Your objective:
Among the lines below, take the one holding "Faisan de colchilde.jpg", the one holding "Luma apiculata #8 - Imagen 3", and all lines between them. Set them down exactly.

Collected data:
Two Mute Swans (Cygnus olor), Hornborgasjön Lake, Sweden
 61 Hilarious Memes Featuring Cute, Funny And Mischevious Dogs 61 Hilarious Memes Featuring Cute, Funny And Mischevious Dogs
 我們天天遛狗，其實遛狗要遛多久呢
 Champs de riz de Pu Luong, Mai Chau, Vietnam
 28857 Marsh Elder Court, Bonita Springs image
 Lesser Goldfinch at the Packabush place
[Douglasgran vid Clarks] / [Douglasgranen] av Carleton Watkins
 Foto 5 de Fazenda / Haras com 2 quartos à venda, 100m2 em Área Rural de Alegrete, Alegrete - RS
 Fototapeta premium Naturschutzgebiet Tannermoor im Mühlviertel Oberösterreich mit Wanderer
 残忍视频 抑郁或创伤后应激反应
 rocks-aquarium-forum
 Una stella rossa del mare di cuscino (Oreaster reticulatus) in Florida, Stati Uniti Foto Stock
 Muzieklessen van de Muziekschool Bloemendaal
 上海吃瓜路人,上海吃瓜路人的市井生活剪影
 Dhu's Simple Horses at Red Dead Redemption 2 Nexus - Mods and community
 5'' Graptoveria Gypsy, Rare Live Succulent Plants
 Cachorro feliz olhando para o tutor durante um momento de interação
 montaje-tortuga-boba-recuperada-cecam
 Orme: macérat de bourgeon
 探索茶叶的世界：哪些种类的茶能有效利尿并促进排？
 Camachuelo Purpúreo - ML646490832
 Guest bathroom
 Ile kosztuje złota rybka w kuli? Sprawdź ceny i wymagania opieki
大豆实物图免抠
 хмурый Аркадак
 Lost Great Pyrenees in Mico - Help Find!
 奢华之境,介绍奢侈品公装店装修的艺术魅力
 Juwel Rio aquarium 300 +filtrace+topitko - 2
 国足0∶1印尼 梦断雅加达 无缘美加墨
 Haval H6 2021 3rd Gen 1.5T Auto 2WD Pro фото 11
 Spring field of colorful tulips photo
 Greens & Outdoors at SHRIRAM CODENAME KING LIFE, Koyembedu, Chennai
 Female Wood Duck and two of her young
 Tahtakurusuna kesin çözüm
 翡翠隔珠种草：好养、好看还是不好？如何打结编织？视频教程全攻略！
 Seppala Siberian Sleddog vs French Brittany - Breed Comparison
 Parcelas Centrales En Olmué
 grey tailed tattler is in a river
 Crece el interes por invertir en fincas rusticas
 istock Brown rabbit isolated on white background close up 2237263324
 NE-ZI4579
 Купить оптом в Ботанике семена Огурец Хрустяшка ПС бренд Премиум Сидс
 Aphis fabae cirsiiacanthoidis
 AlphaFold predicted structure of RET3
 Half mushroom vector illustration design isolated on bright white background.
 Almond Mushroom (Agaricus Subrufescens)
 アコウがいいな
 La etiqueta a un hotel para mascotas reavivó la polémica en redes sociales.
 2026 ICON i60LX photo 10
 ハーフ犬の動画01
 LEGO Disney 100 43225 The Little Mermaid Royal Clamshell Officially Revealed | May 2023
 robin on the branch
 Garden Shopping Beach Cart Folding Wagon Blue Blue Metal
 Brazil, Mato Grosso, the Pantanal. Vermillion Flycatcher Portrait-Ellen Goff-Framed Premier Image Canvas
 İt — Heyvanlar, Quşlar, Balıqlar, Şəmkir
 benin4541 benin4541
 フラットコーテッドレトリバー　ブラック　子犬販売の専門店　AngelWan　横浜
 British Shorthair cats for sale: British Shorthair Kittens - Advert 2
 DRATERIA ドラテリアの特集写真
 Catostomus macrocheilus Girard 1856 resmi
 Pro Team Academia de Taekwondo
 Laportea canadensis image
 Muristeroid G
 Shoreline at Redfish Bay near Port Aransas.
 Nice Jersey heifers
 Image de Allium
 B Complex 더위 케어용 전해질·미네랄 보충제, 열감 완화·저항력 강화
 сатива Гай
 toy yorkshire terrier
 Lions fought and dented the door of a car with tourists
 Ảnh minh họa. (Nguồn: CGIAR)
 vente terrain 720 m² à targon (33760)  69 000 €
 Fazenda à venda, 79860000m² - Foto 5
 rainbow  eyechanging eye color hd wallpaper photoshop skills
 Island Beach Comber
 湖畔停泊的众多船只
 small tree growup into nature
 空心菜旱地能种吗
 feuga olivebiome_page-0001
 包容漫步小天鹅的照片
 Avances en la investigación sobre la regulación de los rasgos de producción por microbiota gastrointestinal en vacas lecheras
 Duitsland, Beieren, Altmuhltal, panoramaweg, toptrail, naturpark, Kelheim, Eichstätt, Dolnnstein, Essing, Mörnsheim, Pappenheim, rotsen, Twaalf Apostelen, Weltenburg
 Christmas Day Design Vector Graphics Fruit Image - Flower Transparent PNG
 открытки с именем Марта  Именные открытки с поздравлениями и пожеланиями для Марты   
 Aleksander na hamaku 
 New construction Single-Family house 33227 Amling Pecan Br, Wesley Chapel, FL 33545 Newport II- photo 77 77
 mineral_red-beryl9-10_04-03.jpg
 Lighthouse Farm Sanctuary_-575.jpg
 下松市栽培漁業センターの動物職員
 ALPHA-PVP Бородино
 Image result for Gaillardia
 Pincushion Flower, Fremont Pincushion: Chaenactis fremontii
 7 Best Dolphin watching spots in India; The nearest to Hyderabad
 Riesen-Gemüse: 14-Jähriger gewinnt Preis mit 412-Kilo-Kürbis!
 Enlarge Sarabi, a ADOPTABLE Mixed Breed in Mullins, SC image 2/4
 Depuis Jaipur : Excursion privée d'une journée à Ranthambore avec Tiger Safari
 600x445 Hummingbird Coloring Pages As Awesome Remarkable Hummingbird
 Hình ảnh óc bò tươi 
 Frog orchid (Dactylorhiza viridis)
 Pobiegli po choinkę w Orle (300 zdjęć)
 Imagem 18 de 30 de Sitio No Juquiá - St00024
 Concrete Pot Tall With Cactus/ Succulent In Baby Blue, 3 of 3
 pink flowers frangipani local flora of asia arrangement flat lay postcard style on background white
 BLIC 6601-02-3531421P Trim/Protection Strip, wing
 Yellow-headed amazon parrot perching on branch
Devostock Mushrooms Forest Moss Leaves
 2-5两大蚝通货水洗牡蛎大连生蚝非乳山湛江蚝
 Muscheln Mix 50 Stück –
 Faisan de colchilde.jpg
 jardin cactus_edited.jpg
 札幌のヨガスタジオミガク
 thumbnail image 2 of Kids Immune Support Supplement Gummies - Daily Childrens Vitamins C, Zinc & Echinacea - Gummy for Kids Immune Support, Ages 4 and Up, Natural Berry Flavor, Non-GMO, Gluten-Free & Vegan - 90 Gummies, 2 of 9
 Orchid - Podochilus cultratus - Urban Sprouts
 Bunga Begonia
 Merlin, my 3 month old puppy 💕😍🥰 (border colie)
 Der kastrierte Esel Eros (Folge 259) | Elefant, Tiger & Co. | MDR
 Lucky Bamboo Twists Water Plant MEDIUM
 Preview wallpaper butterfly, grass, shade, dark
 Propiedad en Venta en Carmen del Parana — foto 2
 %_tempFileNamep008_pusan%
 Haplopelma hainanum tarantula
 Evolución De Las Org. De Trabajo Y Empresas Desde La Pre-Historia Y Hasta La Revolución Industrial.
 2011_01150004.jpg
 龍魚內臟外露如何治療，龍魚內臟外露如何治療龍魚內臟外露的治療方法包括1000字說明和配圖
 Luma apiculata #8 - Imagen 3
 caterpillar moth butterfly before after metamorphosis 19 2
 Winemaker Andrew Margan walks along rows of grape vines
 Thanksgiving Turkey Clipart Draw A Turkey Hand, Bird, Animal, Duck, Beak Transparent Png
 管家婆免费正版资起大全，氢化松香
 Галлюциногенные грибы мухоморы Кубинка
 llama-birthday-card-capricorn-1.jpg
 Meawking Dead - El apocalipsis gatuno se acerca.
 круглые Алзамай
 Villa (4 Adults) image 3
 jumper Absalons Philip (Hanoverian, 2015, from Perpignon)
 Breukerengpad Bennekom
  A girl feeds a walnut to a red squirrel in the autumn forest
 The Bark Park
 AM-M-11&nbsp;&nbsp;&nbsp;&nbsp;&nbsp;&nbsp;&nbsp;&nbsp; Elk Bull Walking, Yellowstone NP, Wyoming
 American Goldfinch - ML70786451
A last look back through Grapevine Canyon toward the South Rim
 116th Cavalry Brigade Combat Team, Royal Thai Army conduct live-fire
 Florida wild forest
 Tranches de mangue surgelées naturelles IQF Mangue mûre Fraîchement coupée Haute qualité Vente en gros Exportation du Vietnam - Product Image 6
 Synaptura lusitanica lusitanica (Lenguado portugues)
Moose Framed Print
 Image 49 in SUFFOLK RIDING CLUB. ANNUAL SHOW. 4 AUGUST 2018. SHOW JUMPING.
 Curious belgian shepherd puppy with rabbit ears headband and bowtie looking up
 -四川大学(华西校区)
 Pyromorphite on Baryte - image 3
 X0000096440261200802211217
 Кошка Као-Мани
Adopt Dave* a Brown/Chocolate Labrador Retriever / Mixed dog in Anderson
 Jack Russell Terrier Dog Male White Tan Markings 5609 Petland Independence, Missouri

Exercise result:
 Faisan de colchilde.jpg
 jardin cactus_edited.jpg
 札幌のヨガスタジオミガク
 thumbnail image 2 of Kids Immune Support Supplement Gummies - Daily Childrens Vitamins C, Zinc & Echinacea - Gummy for Kids Immune Support, Ages 4 and Up, Natural Berry Flavor, Non-GMO, Gluten-Free & Vegan - 90 Gummies, 2 of 9
 Orchid - Podochilus cultratus - Urban Sprouts
 Bunga Begonia
 Merlin, my 3 month old puppy 💕😍🥰 (border colie)
 Der kastrierte Esel Eros (Folge 259) | Elefant, Tiger & Co. | MDR
 Lucky Bamboo Twists Water Plant MEDIUM
 Preview wallpaper butterfly, grass, shade, dark
 Propiedad en Venta en Carmen del Parana — foto 2
 %_tempFileNamep008_pusan%
 Haplopelma hainanum tarantula
 Evolución De Las Org. De Trabajo Y Empresas Desde La Pre-Historia Y Hasta La Revolución Industrial.
 2011_01150004.jpg
 龍魚內臟外露如何治療，龍魚內臟外露如何治療龍魚內臟外露的治療方法包括1000字說明和配圖
 Luma apiculata #8 - Imagen 3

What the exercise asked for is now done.